Kenapa ini harus kita koreksi? Karena jika militer terlalu sibuk dengan urusan sipil—pertanian, bisnis, bahkan pendidikan (seperti MOU di Jawa Barat yang melibatkan TNI mendidik anak nakal di barak)—mereka akan lupa dengan tugas utamanya: menjaga pertahanan dan kedaulatan negara.
Yang paling mengerikan, semua proses ini berjalan diam-diam. Tidak ada diskusi publik, tidak ada keputusan politik yang demokratis mengenai perubahan postur pertahanan negara sebesar ini. DPR RI, sebagai representasi rakyat, terkesan tutup mata.
Berkenaan dengan situasi di atas, YLBHI mendesak kepada:
1. Presiden Prabowo Subianto dan jajaran kabinetnya untuk secara terbuka memberikan informasi yang sejelas-jelasnya tentang perkembangan organisasi TNI seperti penambahan 22 Kodam, pembentukan 100 Batalyon Teritorial Pembangunan (BTP), pembentukan Kompi-kompi Produksi, pembentukan Kodim di setiap kabupaten/kota, pembentukan 2 batalyon Komcad di setiap Kodim. Semua ini akan memiliki implikasi yang sangat serius terhadap hubungan sipil-militer di Indonesia dan masa depan demokrasi di Indonesia. Selain itu, semua ini akan berimbas pada kesehatan keuangan negara.

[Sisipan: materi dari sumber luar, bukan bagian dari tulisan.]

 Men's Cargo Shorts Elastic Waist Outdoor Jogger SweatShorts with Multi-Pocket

2. Presiden Prabowo Subianto dan anggota-anggota kabinetnya serta semua organ-organ pemerintahan sipil lainnya supaya meninjau kembali semua MoU atau Nota Kesepahaman antara lembaga-lembaga mereka dengan TNI. Dengan menarik TNI ke ranah sipil, para politisi sipil sesungguhnya melemahkan demokrasi yang telah memilih mereka menjadi pemimpin. Juga telah merusak profesionalisme para prajurit TNI.
3. Presiden Prabowo harus menghentikan keterlibatan TNI dalam urusan pangan, urusan Makan Bergizi Gratis, serta urusan Koperasi Merah Putih. Semua keterlibatan TNI ini, yang tidak ada dalam wilayah keahliannya, hanya akan merusak lembaga-lembaga sipil tersebut. Terlebih lagi akan merusak profesionalisme para prajurit dan perwira TNI.

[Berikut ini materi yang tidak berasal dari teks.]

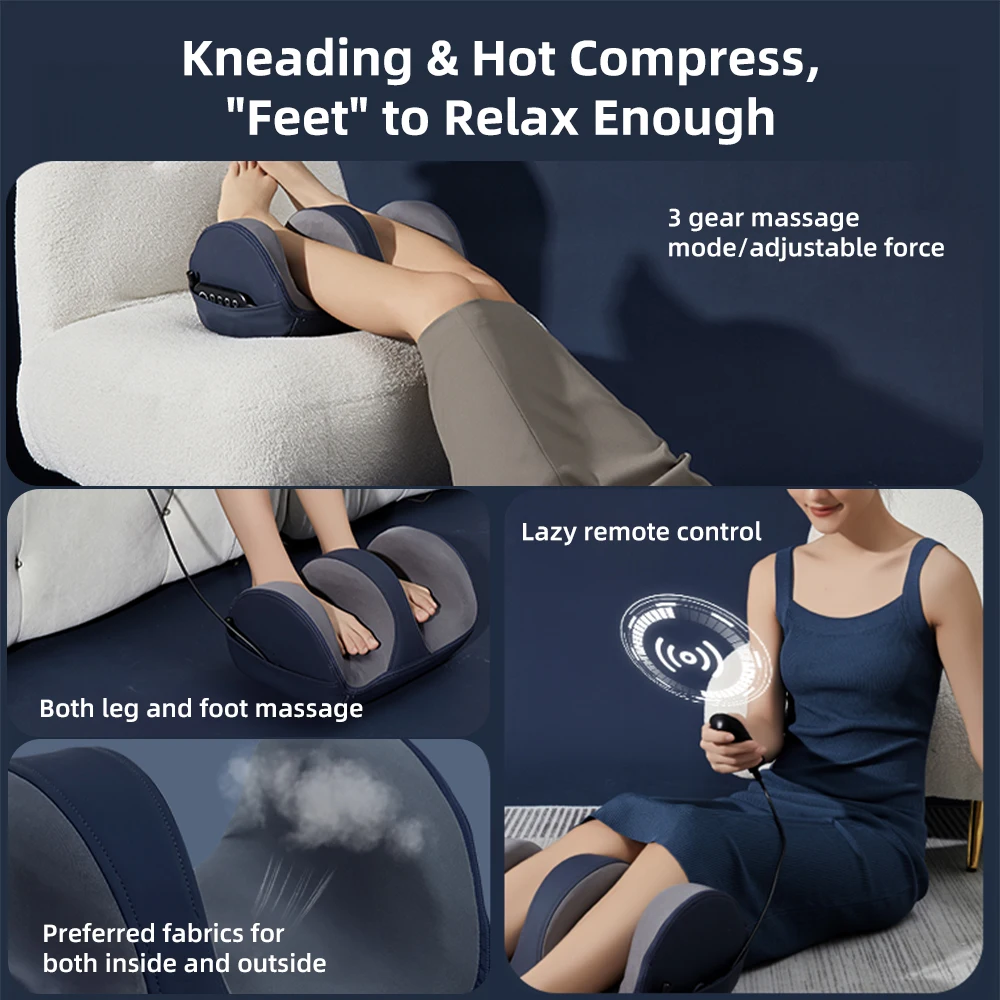 Electric Leg Massager Heating Therapy Hot Compress Shiatsu Kneading Roller Muscle Relaxation Pain Relief Foot Spa Machine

4. Kami meminta kepada DPR RI, DPD maupun DPRD untuk melakukan pengawasan dan mempertanyakan pelibatan TNI secara besar-besaran di ranah-ranah sipil ini. Pelibatan TNI di dalam program Makan Bergizi Gratis (MBG) namun mengesampingkan birokrasi lokal, sekolah, guru, dan orang tua murid, tidak saja salah kaprah namun juga tidak demokratis. Program dengan biaya yang sangat besar ini tidak akan jalan dengan sentralisasi kekuasaan dan pengerahan kekuatan militer.
5. Kepada elemen masyarakat sipil untuk terus mengingatkan pemerintah dengan melakukan pengawasan maupun upaya advokasi yang diperlukan untuk menghentikan upaya ilegal pemerintah untuk mengembalikan praktik dwifungsi ABRI yang mengkhianati mandat reformasi;
6. Presiden dan DPR RI untuk melakukan revisi terhadap UU Peradilan Militer untuk memastikan penegakan hukum yang adil dan imparsial di lingkungan peradilan militer yang selama ini menjadi ruang impunitas bagi para prajurit militer yang melanggar hukum dan HAM juga praktik KKN;
7. Presiden dan DPR RI untuk membatalkan pembangunan Kodam baru serta bubarkan komando teritorial yang tidak sesuai dengan fungsi TNI sebagai alat pertahanan negara.
Jika ini dibiarkan, kita bukan hanya kehilangan uang negara, tapi juga perlahan-lahan kehilangan demokrasi yang telah diperjuangkan dengan susah payah. Jangan biarkan plot twist ini menjadi akhir cerita yang pahit bagi masa depan Indonesia. Ayo, kita kawal bersama!